Disassembling Terabytes of Random Data with Zig and Capstone to Prove a Point

I had a friendly disagreement the other day. Imagine looking for ARM (Thumb mode) instructions in a stream of random bytes. A friend claimed that the random stream is more likely to contain DEFLATE-compressed Thumb instructions than it is to contain uncompressed Thumb instructions.¹ I disagreed.

The gist of his argument was that random bytes have high Shannon Entropy in expectation, and compressed bytes have higher entropy than raw assembled instructions. Thus, compressed streams of assembled instructions will be more likely to occur than raw assembled instructions in sequences of random bytes. I don’t debate the premise, but the conclusion does not follow.

I argued that the joint probability of random bytes being a valid DEFLATE stream—and that stream inflating to valid instructions—is lower than the probability of random bytes being valid instructions. Having written a DEFLATE/INFLATE implementation from scratch, I know how many ways there are for compressed data to be invalid. I also know that ARM’s Thumb instruction set is designed for high code density, which directly implies that a large proportion of possible byte sequences disassemble as valid Thumb instructions. Just because the entropy of typical Thumb code in the wild is lower than that of typical compressed data doesn’t mean that the theoretical maximum entropy of valid Thumb is lower too. He was not convinced. I was nerd sniped.

Since he has a PhD in an applied field of computer science, I figured he is most likely to be compelled by strong experimental results in a poorly-written, LaTeX-typeset paper with lots of graphs that he can skim and pretend to have read fully. (I’m only mostly joking.)

AI Usage Disclosure

Methods

We write Zig code to generate random byte sequences. Then we try to disassemble the bytes using Capstone. We also try to inflate and then disassemble the bytes. We record successes and failures to output statistics at the end.

We test code samples with Zig version 0.14.1.² Zig changes fast, so it is likely that code samples will need to be modified to work on other versions.

Capstone and Zig

Zig’s build system makes it easy to automatically clone, compile, and link against Capstone.³ Assuming a build.zig file already exists in the working directory (use zig init to create an empty project if not), the following command updates the build.zig.zon file with Capstone as a dependency.

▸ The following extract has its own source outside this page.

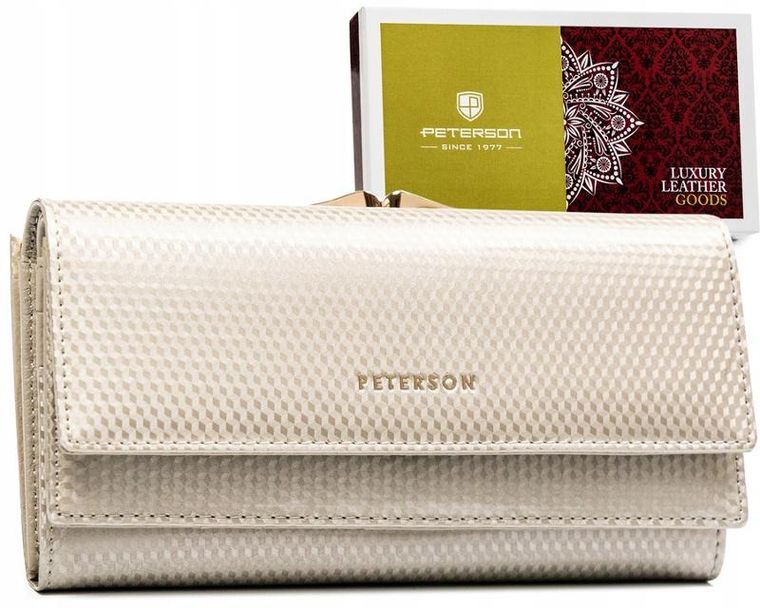 Portfel, beżowy, skórzany, Peterson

// There should already be a main executable created in the build script
// const exe = b.addExecutable(.{ ... });

// Build Capstone
const capstone_dep = b.dependency("capstone", .{});
const capstone_cmake = b.addSystemCommand(&.{
    "cmake",
    "-B",
    "build",
    "-DCMAKE_BUILD_TYPE=Release",
    "-DCAPSTONE_BUILD_SHARED_LIBS=1",
});
capstone_cmake.setCwd(capstone_dep.path(""));
const capstone_make = b.addSystemCommand(&.{ "cmake", "--build", "build" });
capstone_make.setCwd(capstone_dep.path(""));
capstone_make.step.dependOn(&capstone_cmake.step);
exe.step.dependOn(&capstone_make.step);

// Add the Capstone lib and include directories so we can import capstone.h
// and link against the Capstone shared object or DLL
exe.linkLibC();
exe.addLibraryPath(capstone_dep.path("build"));
exe.linkSystemLibrary("capstone");
exe.addIncludePath(capstone_dep.path("include"));

In our main.zig file, we import and use Capstone.⁵ Our Capstone.disassemble method returns a usize that represents the percentage of disassembled instruction bytes (between 0 and 100, inclusive). We only care the proportion of bytes that successfully disassemble; we don’t care about the disassembled instructions themselves.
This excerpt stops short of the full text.